Yep, I have forced myself out of the house and into the pool several times this week. I'm working up to popping my head round the gym door before the swim. I haven't managed to get a glimpse of the personal trainer though. I'm going again today. I have found the best time is just after lunch and then the pool is very quiet. I'll just have  an early, very light lunch and head off about 1pm. I'm not the prettiest of sights in a cossie but I just don't care as once in the water I love it.


----------



## Steff

lol good for going hun i aint been this week due to being poorly but bk into it next week x


----------



## Steff

Morning,

Hope everyones well, squidge how are things going for you ??


----------



## Lizzie53

Are you feeling better Steffie? Hope so.
Just out of the blue I've had a morning of feeling nauseus today but it is passing now and as there was no work for me today I shall have a light lunch and force myself along to the pool. It's funny how it takes such effort to get myself there but I always enjoy it. Maybe this gloomy weather doesn't help. On a good note my morning fasting BG has been 5.1 for the last 3 mornings. Up until this week it has usually been 6 something. Doc has said she doesn't want me to stop the gliclazide until my readings are regularly below 6 for fasting and pre meal tests. So fingers x this will continue.


----------



## Steff

Lizzie53 said:


> Are you feeling better Steffie? Hope so.
> Just out of the blue I've had a morning of feeling nauseus today but it is passing now and as there was no work for me today I shall have a light lunch and force myself along to the pool. It's funny how it takes such effort to get myself there but I always enjoy it. Maybe this gloomy weather doesn't help.

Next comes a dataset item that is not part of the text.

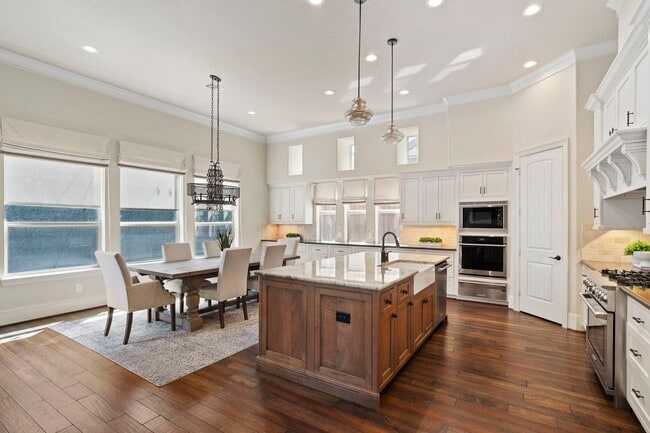 Building Photo - 622 Pink Azalea Trail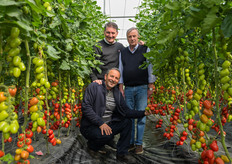 Pino Fioretti, country manager Panora, Giorgio Puglisi, sales promoter Panora e Rosario Privitera.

On a good note my morning fasting BG has been 5.1 for the last 3 mornings. Up until this week it has usually been 6 something. Doc has said she doesn't want me to stop the gliclazide until my readings are regularly below 6 for fasting and pre meal tests. So fingers x this will continue.



Hi Liz yes thanks all over my tummy bug thank goodness, the snack im having at night seems to be doing the trick really well sticking to having 2 crackers with smoked ham at around 10pm and waking BGS have been under 7 for a good while now so im really pleased with that.Hope it does continue for you hun good luck with itx 

p.s enjoy the pool im away after 5 for an hour in my local swimming pool  x


----------



## squidge63

Steffie said:


> Morning,
> 
> Hope everyones well, squidge how are things going for you ??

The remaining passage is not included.